--- Information supplied ---

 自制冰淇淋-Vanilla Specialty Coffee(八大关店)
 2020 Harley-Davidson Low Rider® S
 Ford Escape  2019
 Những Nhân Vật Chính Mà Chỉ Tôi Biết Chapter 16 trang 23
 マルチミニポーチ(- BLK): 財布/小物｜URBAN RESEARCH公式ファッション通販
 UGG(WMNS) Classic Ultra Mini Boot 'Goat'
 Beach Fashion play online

---

Word for word, every record must be given again.

__Solution to this task__
 自制冰淇淋-Vanilla Specialty Coffee(八大关店)
 2020 Harley-Davidson Low Rider® S
 Ford Escape  2019
 Những Nhân Vật Chính Mà Chỉ Tôi Biết Chapter 16 trang 23
 マルチミニポーチ(- BLK): 財布/小物｜URBAN RESEARCH公式ファッション通販
 UGG(WMNS) Classic Ultra Mini Boot 'Goat'
 Beach Fashion play online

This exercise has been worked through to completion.